And of course, your customers want more than a flashy demo. They want to know how your AI works, if it’s secure, and how legally protected they are. Of course, they also want assurances about what will happen if their contract ends. 

To close your AI deals faster and establish trust with your customers, your sales team has to be ready to answer the most common AI questions. In this guide, we’ll walk you through those questions, the context, and the perfect responses. So you’ll be ready with strong answers that beat out the competition.

Need help? Download this template for the most common AI questionnaire responses.

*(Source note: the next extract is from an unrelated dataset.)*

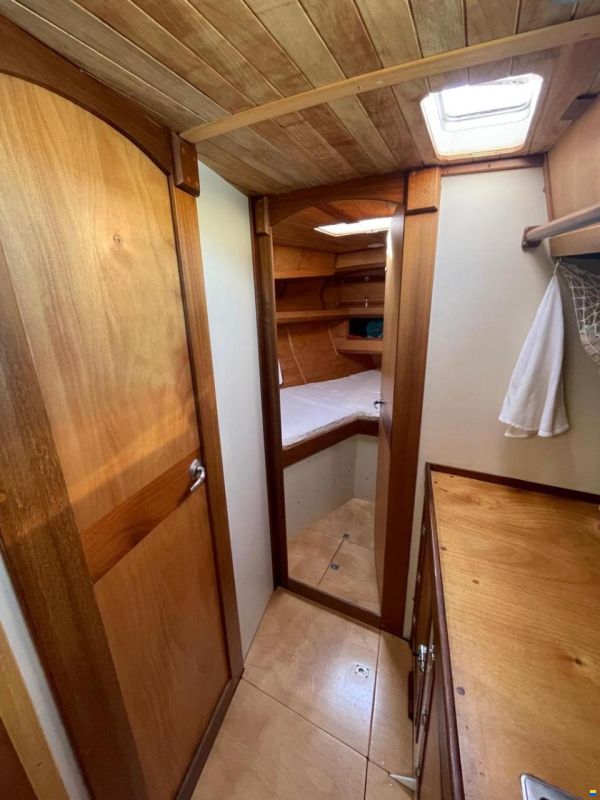 Steel Bluewater Yacht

ai questionnaire response example
Download the AI questionnaire example here.

Most Common AI Categories on Questionnaires

To best learn the questions and their responses, it is helpful to understand the categories into which these questions fall. Buyers evaluating AI tools often structure their questions so they cover legal, technical, and operational risks. Here are the five main categories you can expect to see: 

ai questions

Ownership, Use & Legal Terms

One thing is very clear with 32% of questions around ownership use and legal terms: businesses are simply not comfortable with this tech. They’re worried about lawsuits, rights, and who’s left holding the bag when something goes wrong.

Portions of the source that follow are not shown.